Wertegeleitete Außenpolitik heißt auch, dass Deutschland seine globale Verantwortung wahrnimmt als reiches Industrieland. Das sage ich vor allem mit Blick auf die Klimakrise. Denn es sind gerade die Länder – das ist mittlerweile zum Glück allseits bekannt –, die am wenigsten zum Klimawandel beigetragen haben, die heute am meisten unter Dürren, Hitze und Fluten leiden.

Bei alledem ist mir eines besonders wichtig – etwas, das auch Sie im Zentrum für Globale Ethik in Ihrer Arbeit betonen: Unsere Werte und unsere Interessen widersprechen sich nicht. Im Gegenteil, sie sind zwei Seiten einer Medaille. Die Einhaltung unserer Werte ist unser allergrößtes Interesse, auch wirtschaftlich.

Denn wenn wir der Ukraine in ihrem Abwehrkampf gegen den Aggressor beistehen, dann rettet das Menschenleben.

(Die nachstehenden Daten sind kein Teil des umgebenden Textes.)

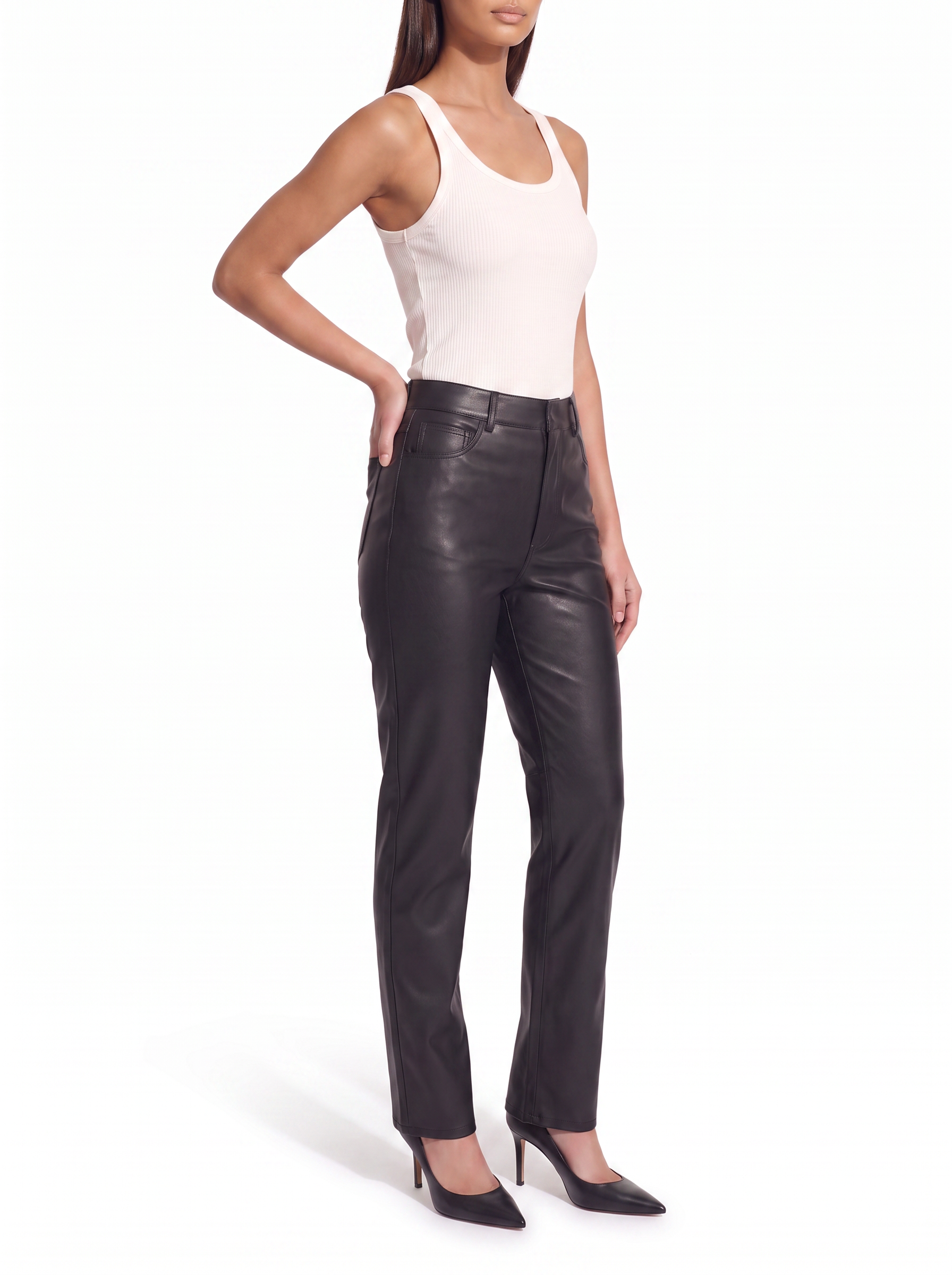 Faux leather pants straight leg drape three quarter view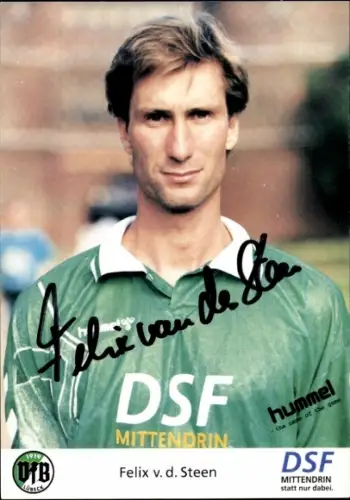 Autogrammkarte Fußballer Felix van der Steen, VfB Lübeck, Autogramm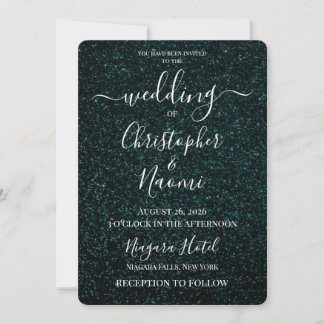 Invitation Créez Votre Propre Mariage Pailleté Vert Foncé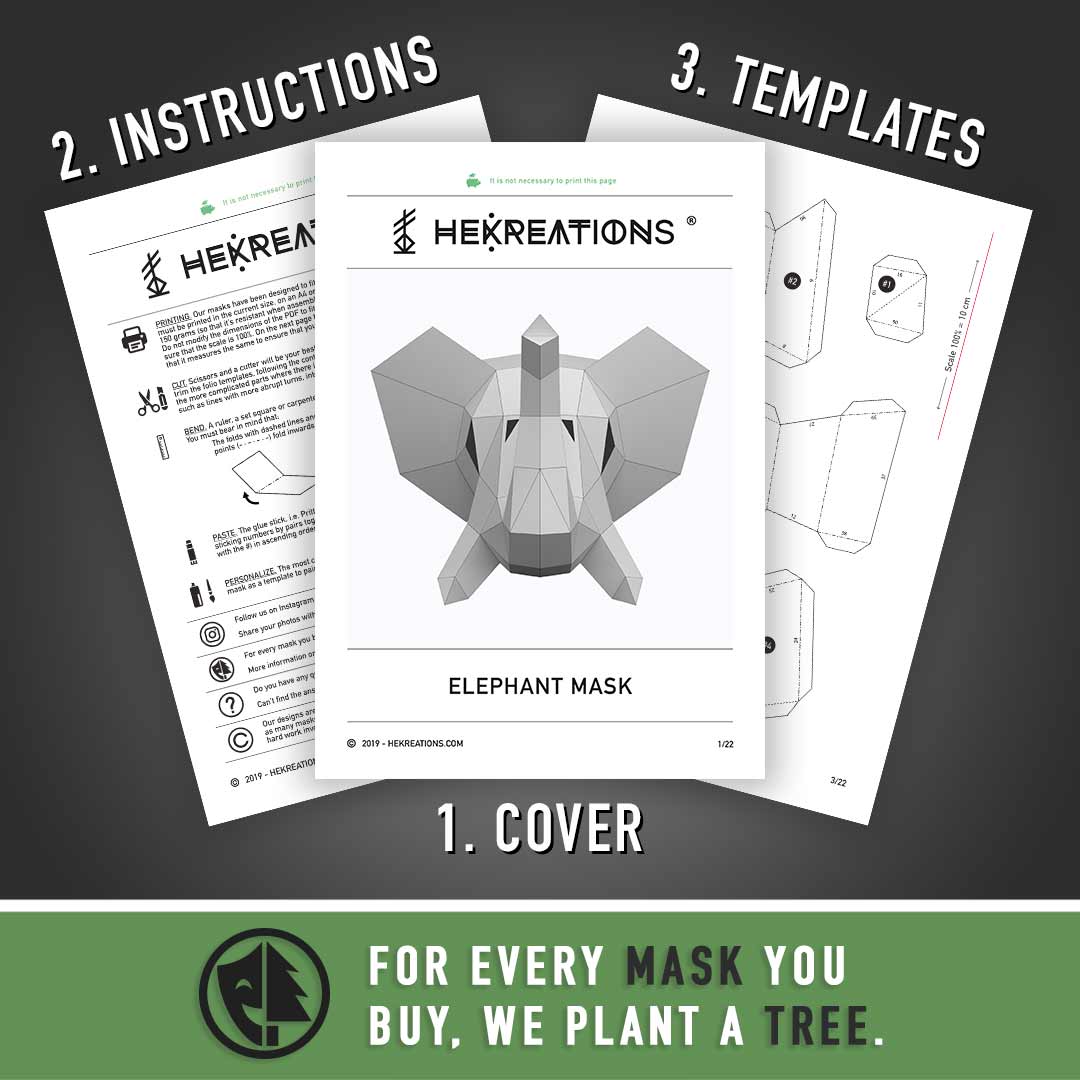 Printable Elephant Mask Template of Papercraft Trunk Up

Aber es dient auch unserem Interesse an einer Welt, in der alle Staaten das Völkerrecht respektieren.

Wenn wir den europäischen Binnenmarkt für Produkte aus Zwangsarbeit sperren, dann schützt das Millionen Kinder, Frauen und Männer – und es schützt unsere Unternehmen hier in der Europäischen Union, vor unfairer Konkurrenz, vor unfairem wirtschaftlichen Wettbewerb.

Und wenn wir uns mit einer feministischen Außenpolitik dafür einsetzen, dass Frauen weltweit in Friedensprozessen, auf Arbeitsmärkten und in Parlamenten gleichberechtigt teilhaben, dann fördern wir damit nachhaltigen Frieden und Stabilität in der Welt. Und wir sorgen für mehr Sicherheit, denn Friedensabkommen halten länger, wenn Frauen mit am Tisch sitzen.

All diese Beispiele zeigen: Zeitenwende heißt auch, was Hans-Dietrich Genscher einmal gesagt hat: „Keine Macht der Welt kann Menschenwürde und Freiheit auf Dauer stoppen.“ Auch oder gerade wenn es dafür einen langen Atem braucht.

Dafür stehen wir als Bundesregierung ein mit unseren Partnern in der Welt und vor allen Dingen in der Europäischen Union. Und dafür haben wir zum ersten Mal eine Nationale Sicherheitsstrategie geschrieben: Mit einer klaren Haltung, einem klaren Kompass, im Einklang mit unseren Werten und unseren Interessen, im Spiegel der Wirklichkeit.

Und ich glaube, in genau diesem Sinne haben damals Hans-Dietrich Genscher und Andrew Young auch das Wittenberg-Zentrum für Globale Ethik initiiert. Weil wir als Politikerinnen und Politiker den klugen Rat der Wissenschaft und von Expertinnen und Experten wie Ihnen brauchen. Um dem Bösen zu widersprechen, damit man es durch Schweigen nicht unterstützt.

Zu Ihrem 25-jährigen Bestehen gratuliere ich Ihnen sehr herzlich – und wünsche Ihnen heute gute Diskussionen.